Work request: Within the listing below, please copy exactly the lines between the line holding "Ольга Бородина, 30.03, Москва" and the line holding "The Rising of the Shield Hero, 14.", inclusive.

Provided data START

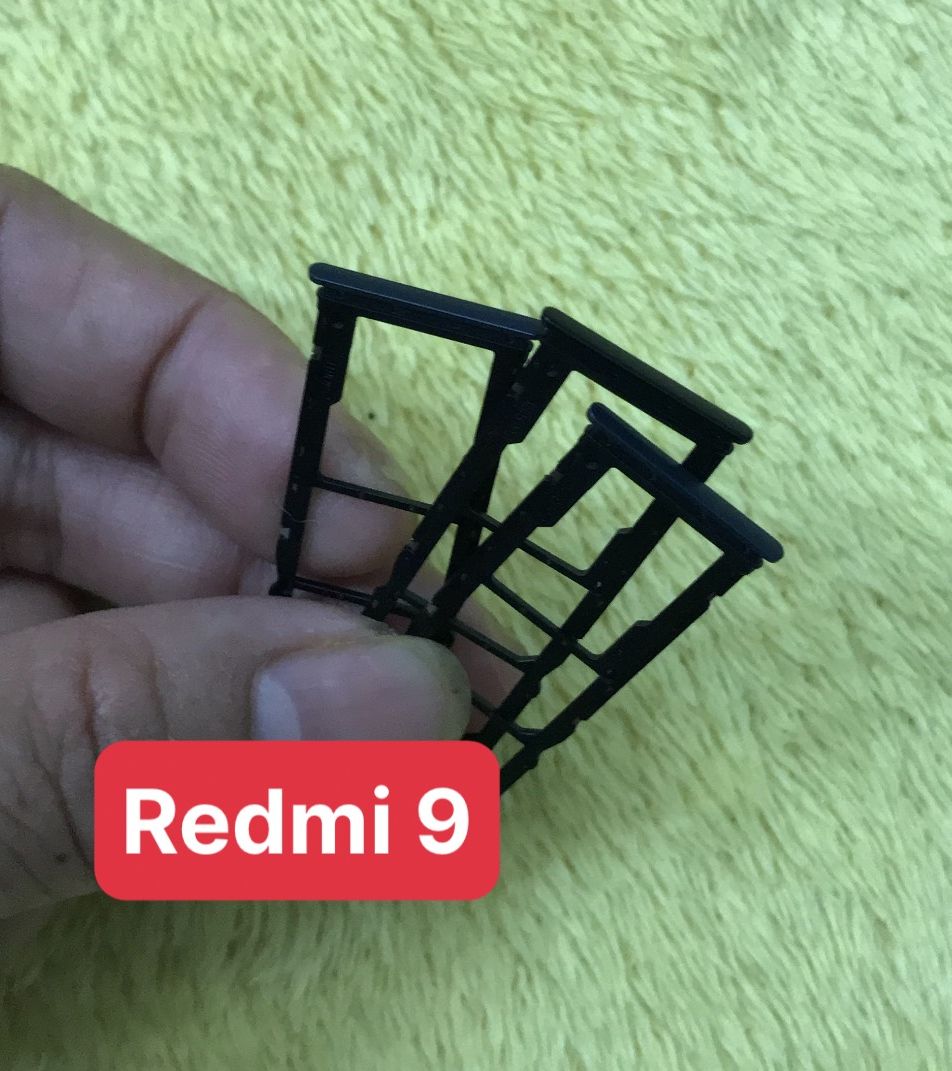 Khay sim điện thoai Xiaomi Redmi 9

Provided data END
Provided data START

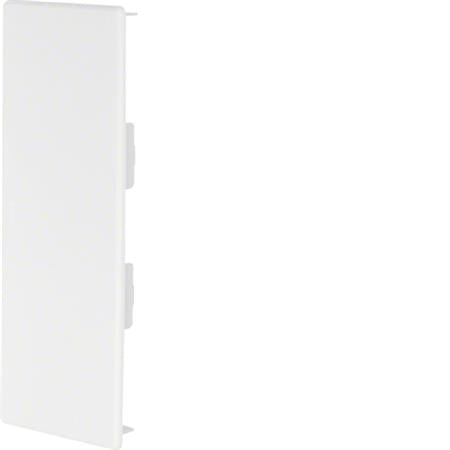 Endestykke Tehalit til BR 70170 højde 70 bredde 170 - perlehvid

Provided data END
Provided data START

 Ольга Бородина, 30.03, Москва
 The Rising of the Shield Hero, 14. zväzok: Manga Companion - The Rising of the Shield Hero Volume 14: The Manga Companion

Provided data END

Solution for this task:
 Ольга Бородина, 30.03, Москва
 The Rising of the Shield Hero, 14. zväzok: Manga Companion - The Rising of the Shield Hero Volume 14: The Manga Companion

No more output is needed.